YOUR OBJECTIVE:
When you reach the line containing "Brick & Botanical" in the data below, begin returning lines exactly as written, and stop once the line containing "Toyaso Fairy Tail" has been returned.

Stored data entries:
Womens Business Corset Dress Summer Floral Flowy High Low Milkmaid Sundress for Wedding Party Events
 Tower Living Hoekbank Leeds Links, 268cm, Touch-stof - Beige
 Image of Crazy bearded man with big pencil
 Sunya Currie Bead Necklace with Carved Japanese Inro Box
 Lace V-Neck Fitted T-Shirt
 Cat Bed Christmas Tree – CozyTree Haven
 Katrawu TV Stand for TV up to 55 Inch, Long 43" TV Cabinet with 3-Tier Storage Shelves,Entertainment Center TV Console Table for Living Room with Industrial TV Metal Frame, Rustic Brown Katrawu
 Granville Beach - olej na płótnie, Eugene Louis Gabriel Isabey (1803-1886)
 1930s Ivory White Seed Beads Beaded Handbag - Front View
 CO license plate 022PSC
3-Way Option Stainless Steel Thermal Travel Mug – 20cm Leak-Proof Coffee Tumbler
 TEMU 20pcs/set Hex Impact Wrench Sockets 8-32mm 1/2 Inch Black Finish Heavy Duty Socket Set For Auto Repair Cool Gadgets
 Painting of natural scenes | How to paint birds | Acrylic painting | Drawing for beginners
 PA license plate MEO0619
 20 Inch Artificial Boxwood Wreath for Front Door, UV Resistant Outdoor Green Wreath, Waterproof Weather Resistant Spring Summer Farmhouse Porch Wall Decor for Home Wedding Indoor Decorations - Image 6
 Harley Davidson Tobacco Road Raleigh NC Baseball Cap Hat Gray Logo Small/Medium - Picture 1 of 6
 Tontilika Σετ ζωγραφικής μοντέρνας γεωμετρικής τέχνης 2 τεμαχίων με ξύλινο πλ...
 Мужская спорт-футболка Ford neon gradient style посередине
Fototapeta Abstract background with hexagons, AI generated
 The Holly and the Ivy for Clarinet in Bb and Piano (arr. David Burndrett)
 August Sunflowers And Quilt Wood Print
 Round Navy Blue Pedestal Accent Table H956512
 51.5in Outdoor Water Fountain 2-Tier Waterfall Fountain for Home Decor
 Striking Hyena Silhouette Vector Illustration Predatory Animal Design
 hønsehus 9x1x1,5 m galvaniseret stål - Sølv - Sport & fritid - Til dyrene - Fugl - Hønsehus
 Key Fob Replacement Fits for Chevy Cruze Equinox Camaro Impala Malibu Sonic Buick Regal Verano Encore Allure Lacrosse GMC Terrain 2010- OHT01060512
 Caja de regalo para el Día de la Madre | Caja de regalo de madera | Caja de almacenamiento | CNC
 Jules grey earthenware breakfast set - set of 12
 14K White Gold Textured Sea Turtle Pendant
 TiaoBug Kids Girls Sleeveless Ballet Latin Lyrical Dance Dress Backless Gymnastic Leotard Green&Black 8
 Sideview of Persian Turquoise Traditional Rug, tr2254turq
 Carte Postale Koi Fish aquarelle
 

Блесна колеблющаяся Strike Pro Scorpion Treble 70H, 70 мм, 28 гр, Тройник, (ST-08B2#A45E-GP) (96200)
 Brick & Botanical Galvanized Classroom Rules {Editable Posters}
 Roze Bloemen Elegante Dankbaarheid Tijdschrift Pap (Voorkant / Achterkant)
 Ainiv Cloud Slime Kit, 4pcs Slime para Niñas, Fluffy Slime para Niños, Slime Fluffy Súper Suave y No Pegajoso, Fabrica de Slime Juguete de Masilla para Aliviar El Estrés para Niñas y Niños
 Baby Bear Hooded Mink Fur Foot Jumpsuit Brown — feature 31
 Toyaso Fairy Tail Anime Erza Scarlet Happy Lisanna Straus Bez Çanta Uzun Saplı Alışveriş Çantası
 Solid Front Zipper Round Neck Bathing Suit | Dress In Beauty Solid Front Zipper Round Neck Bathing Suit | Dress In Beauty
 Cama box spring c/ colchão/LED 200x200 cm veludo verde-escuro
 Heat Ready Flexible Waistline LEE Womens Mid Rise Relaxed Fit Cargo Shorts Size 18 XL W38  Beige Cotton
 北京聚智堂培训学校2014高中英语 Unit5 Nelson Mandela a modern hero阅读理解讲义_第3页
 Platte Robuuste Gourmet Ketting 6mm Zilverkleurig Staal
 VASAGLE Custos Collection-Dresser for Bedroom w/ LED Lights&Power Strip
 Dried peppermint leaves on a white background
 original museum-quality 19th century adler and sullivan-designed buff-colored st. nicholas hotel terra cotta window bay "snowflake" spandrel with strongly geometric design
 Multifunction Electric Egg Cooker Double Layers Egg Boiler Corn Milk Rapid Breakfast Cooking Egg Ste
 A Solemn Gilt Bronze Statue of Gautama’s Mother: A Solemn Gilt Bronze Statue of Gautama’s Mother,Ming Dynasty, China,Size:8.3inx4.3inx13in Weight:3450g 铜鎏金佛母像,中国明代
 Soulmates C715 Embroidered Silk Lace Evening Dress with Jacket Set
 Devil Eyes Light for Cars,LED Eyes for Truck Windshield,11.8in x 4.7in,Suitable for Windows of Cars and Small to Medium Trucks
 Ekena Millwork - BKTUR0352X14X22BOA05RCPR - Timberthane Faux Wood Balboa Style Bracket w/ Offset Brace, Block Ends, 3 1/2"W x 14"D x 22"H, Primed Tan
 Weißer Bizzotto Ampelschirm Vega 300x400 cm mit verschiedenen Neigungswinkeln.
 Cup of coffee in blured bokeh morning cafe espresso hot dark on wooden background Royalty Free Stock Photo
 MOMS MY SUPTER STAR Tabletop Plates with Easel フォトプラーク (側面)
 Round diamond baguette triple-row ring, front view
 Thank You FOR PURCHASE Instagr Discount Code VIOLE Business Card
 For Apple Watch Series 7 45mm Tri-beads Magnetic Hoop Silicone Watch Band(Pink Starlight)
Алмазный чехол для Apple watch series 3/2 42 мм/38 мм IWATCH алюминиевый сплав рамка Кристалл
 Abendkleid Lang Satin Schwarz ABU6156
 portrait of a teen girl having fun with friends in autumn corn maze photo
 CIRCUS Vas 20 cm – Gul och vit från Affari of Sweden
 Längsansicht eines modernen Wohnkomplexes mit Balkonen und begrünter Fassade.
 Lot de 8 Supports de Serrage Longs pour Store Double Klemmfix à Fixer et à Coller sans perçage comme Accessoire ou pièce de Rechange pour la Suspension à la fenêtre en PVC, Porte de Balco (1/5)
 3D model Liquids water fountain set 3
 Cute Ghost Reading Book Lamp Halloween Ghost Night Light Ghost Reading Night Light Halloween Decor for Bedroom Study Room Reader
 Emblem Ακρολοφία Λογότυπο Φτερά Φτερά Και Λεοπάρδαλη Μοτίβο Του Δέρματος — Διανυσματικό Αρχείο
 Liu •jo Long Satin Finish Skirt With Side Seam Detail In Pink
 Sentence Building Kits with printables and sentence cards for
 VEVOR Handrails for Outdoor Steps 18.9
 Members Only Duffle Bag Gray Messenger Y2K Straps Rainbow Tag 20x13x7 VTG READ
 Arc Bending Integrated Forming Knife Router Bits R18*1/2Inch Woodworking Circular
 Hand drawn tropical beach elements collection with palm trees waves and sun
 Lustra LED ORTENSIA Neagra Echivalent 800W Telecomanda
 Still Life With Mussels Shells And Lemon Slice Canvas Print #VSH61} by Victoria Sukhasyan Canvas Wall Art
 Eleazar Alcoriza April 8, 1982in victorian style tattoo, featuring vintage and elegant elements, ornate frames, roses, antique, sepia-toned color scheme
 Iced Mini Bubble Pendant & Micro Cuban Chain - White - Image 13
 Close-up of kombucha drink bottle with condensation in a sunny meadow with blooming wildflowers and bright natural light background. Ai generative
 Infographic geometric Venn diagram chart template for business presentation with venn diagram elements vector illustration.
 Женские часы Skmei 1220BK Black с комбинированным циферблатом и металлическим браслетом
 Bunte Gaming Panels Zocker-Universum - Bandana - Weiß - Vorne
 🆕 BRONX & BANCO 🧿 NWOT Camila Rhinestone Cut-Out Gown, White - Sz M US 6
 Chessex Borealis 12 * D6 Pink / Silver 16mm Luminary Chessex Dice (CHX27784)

ANSWER FOR THE TASK:
 Brick & Botanical Galvanized Classroom Rules {Editable Posters}
 Roze Bloemen Elegante Dankbaarheid Tijdschrift Pap (Voorkant / Achterkant)
 Ainiv Cloud Slime Kit, 4pcs Slime para Niñas, Fluffy Slime para Niños, Slime Fluffy Súper Suave y No Pegajoso, Fabrica de Slime Juguete de Masilla para Aliviar El Estrés para Niñas y Niños
 Baby Bear Hooded Mink Fur Foot Jumpsuit Brown — feature 31
 Toyaso Fairy Tail Anime Erza Scarlet Happy Lisanna Straus Bez Çanta Uzun Saplı Alışveriş Çantası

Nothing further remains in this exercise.